***** Supplied data

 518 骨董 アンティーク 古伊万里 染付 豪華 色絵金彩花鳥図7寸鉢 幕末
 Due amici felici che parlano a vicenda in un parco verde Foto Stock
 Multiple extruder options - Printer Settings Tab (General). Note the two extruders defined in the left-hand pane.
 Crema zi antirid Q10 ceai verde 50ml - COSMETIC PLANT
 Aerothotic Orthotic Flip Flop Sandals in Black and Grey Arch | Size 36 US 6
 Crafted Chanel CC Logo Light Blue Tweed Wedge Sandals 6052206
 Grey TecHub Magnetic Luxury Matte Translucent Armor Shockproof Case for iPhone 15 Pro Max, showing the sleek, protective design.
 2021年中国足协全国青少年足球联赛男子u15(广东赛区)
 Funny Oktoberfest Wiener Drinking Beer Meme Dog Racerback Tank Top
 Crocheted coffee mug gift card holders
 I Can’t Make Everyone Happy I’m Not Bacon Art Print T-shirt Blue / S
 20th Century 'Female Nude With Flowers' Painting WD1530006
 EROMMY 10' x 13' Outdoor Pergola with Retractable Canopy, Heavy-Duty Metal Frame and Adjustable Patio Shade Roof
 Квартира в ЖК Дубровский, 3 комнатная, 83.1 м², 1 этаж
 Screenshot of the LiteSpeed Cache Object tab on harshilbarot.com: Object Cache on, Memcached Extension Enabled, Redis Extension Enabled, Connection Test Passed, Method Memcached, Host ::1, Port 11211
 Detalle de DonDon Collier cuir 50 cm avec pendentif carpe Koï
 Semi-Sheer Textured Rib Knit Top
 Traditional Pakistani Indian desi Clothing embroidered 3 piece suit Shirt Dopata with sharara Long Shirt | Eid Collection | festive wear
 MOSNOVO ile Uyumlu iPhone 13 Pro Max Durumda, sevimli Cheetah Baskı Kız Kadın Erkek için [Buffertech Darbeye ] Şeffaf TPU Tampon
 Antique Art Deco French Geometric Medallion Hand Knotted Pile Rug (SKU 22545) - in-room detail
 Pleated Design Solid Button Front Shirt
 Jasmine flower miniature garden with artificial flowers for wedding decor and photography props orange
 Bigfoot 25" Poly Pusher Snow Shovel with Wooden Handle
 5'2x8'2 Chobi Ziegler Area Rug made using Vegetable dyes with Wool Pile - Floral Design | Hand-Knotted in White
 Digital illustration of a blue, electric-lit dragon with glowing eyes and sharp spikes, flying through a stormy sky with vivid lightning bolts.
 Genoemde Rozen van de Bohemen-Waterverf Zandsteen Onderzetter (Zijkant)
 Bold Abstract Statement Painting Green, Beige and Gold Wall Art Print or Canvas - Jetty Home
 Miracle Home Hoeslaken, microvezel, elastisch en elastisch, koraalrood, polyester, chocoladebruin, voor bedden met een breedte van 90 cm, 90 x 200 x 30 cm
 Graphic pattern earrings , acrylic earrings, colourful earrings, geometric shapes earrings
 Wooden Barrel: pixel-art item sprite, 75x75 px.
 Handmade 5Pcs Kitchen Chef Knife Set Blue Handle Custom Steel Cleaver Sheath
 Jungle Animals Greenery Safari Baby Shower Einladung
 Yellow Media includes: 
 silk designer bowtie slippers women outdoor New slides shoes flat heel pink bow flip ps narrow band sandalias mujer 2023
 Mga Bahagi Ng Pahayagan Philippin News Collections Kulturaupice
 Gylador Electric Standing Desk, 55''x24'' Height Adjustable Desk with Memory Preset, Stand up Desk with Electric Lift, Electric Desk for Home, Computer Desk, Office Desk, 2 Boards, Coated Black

**********

What is being asked —
The answer must be every line of the data that contains the word "Painting".

Response area —
 20th Century 'Female Nude With Flowers' Painting WD1530006
 Bold Abstract Statement Painting Green, Beige and Gold Wall Art Print or Canvas - Jetty Home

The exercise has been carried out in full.